Spicy Corn and Tomato Relish
|Sugar||1⁄2 Cup (8 tbs)|
|Ground turmeric||1 Tablespoon|
|Canned whole kernel corn||34 Ounce, drained (Two 17 Ounce Cans)|
|Canned tomatoes||16 Ounce, cut up (1 Can)|
|Chopped onion||2 Cup (32 tbs)|
|Chopped peeled cucumber||2 Cup (32 tbs)|
|Chopped green pepper||2 Cup (32 tbs)|
|Chopped celery||1 Cup (16 tbs)|
|Vinegar||1 Cup (16 tbs)|
|Mustard seed||2 Teaspoon|
|Dried hot red pepper||1⁄4 Teaspoon, crushed|
In 8- to 10-quart kettle mix sugar, turmeric, and 2 tablespoons salt.
Add next nine ingredients.
Bring to boiling; reduce heat.
Simmer, uncovered, 30 minutes, stirring occasionally.
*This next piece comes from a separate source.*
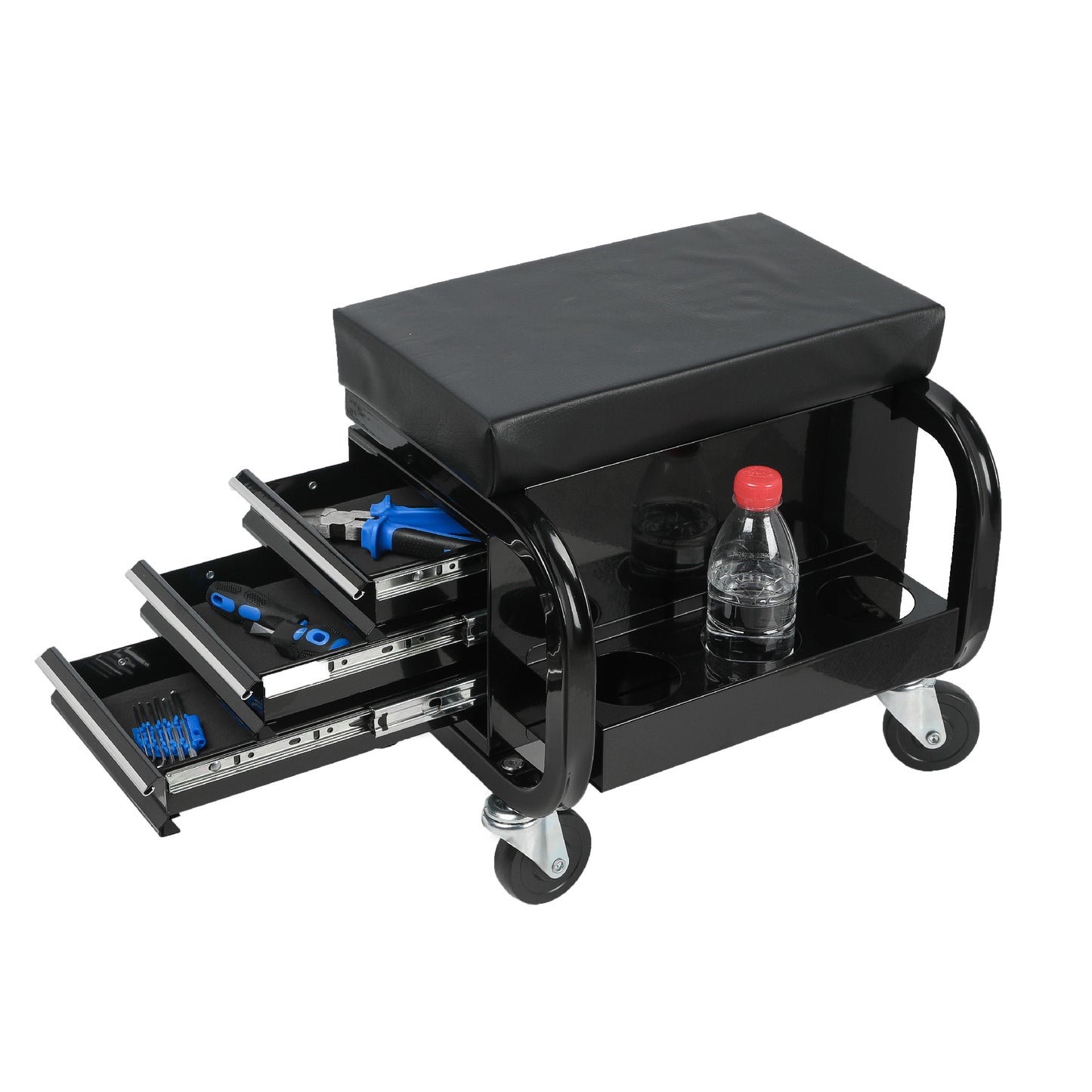 Rolling Creeper Garage Shop Seat With Three Built-in Drawers, Rolling Tool Chest,Black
Stir 1/4 cup cold water into cornstarch; blend well.
Add to vegetable mixture.
Cook and stir till slightly thickened, about 3 minutes.
Pack hot relish into hot, clean half-pint jars; leave 1/2-inch headspace.
Process in boiling water bath 15 minutes.